While Hamilton’s commitment to meditation and mindfulness—which she’s been at for nearly 30 years—is the foundation of her approach to conflict resolution, readers need not be knowledgeable of or intimidated by Zen teachings. The book is divided into short, digestible chapters: each one ending with step-by-step exercises to assist readers in applying concepts discussed in the previous pages. She engages the audience by using a myriad of short stories, quotes, and anecdotes that reference everything from the Dalai Lama to pop culture to science to politics.
Hamilton stresses, “The idea is not to eliminate conflict… The aim is to transform it.” (p.128). With that in mind, she helps readers navigate how to examine their own and others’ intention; understand the role of fear; recognize different styles of conflict; identify when 1st, 2nd, and 3rd-person perspectives are useful or detrimental; become a better listener and negotiator; as well as give and receive feedback constructively.
Each time Hamilton introduces a new mindfulness or conflict resolution concept, she emphasizes that success is born of practice and patience. She knows that confronting conflict can be terrifying and points out that “…we have to be prepared to fail. Again and again. It is intrinsic to the creative process.” (p.128).
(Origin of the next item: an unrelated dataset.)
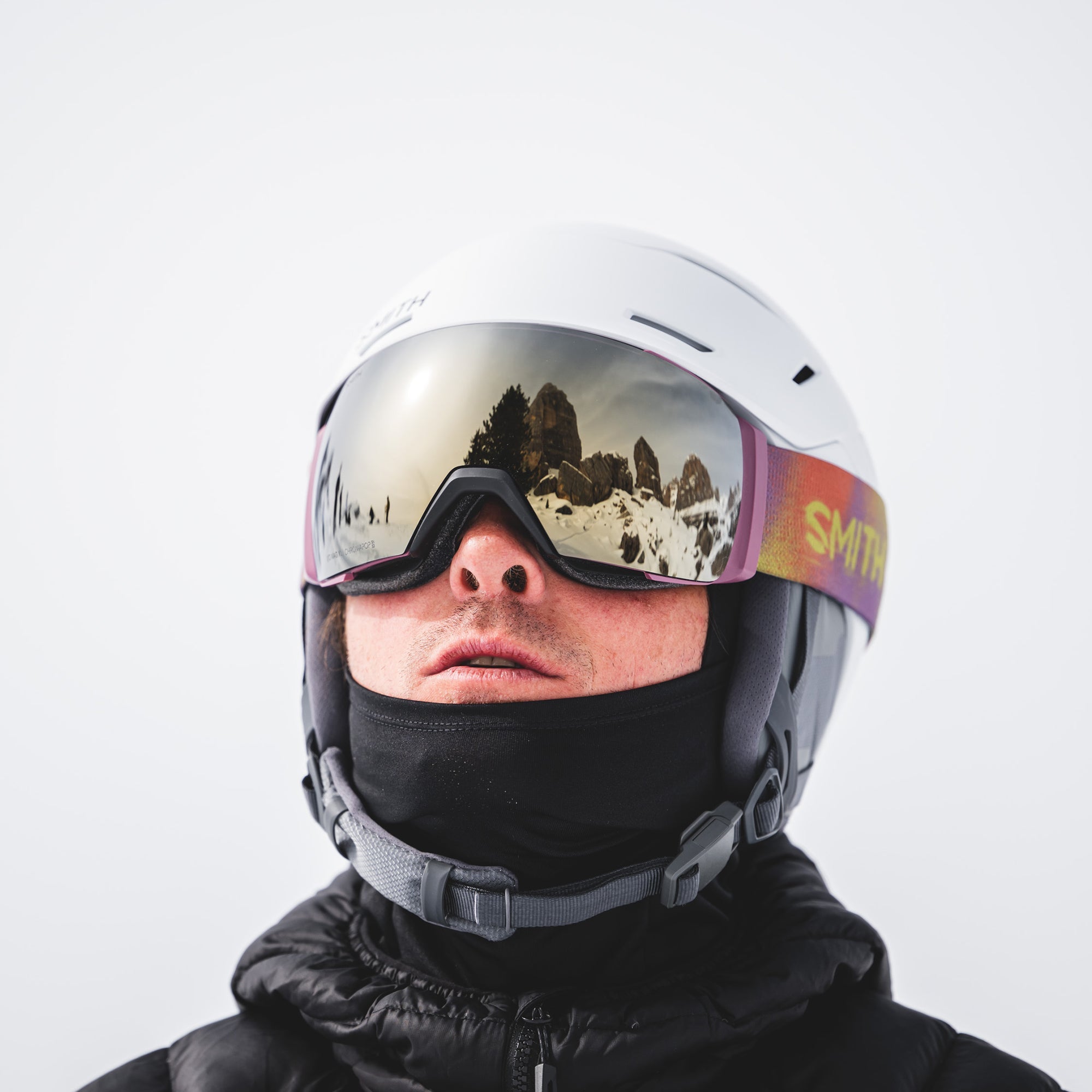I/O MAG XL - Past Season | Goggles | Smith Optics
Her final chapter is dedicated exclusively to reminding readers that “[l]earning communications, negotiation, and conflict skills takes time, patience, and effort.” (p. 196).
In addition to presenting easy-to-understand information and advice on human nature and relationships, Hamilton shares extremely personal accounts of love, loss, and lessons learned. Her stories of “…the grief, prejudice, and isolation of having a child with a disability” (p. 4), time spent as the founding director of the Utah State Court’s Office of Alternative Dispute Resolution, and a falling out with a respected teacher are genuine and touching. She intimately draws readers in.
Everything is Workable is helpful, interactive, and entertaining. I highly recommend this book to anyone interested in personal growth and improving relationships with the people they love, hate, and work with.
Mara Elana Burstein has been working on air quality, energy, and environmental justice issues in Los Angeles and New York for the past eight years. She holds an MPA in Environmental Science and Policy from Columbia University’s School of International and Public Affairs.